The simplest argument that Freedom of Religion is not a recognized value in Islam follows straightforwardly from the existence of the munafiqun (hypocrites) in the time of the Prophet ﷺ.
If the Prophet ﷺ and the Sahaba respected all beliefs equally and supported “freedom of conscience,” there would have been no reason for anyone to hide his true beliefs about Islam and the Prophet ﷺ. But there was clearly an incentive to hide one’s beliefs because the Sharia was the established law of the land (i.e., the kind of “establishment of religion” the First Amendment of the US Constitution forbids). Also, there was clearly a disincentive to reveal one’s beliefs (i.e., unbelief) because of the negative repercussions of doing so (this would violate the “prohibiting the free exercise thereof” of the First Amendment of the US Constitution).

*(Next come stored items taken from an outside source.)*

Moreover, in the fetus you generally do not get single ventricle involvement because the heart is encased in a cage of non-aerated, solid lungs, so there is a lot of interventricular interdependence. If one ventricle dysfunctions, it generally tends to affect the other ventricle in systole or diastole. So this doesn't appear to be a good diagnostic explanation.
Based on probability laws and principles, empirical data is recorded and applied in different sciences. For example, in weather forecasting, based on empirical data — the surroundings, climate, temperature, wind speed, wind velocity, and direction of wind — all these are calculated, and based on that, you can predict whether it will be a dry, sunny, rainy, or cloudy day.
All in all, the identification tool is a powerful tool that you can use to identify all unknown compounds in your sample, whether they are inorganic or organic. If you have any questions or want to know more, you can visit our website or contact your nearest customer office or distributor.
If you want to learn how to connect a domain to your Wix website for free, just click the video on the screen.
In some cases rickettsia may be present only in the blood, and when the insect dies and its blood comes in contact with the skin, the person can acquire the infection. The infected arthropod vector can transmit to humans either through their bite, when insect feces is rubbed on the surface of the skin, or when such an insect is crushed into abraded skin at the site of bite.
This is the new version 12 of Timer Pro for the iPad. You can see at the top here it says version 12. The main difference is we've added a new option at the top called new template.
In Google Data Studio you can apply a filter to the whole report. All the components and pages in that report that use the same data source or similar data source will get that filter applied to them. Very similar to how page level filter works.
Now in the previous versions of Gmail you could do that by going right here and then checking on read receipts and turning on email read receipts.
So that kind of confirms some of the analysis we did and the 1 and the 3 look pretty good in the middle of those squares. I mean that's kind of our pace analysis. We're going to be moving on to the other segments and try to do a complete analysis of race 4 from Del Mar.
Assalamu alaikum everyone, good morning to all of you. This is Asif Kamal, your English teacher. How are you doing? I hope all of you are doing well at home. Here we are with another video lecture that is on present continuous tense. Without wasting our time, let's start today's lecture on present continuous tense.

The Sharia does recognize tolerance for certain religious institutions and practices (from the People of the Book and others whom scholars deemed to fall within that larger category). But it is not an “infinite tolerance.” And of course, infinite tolerance is not coherent in the first place.
The lack of freedom of religion as an aspirational value for society or for governance in Islam should not disturb Muslims today. Far from it. This is because freedom of religion is an empty slogan that is as incoherent as the notion of “infinite tolerance” and for much the same reasons.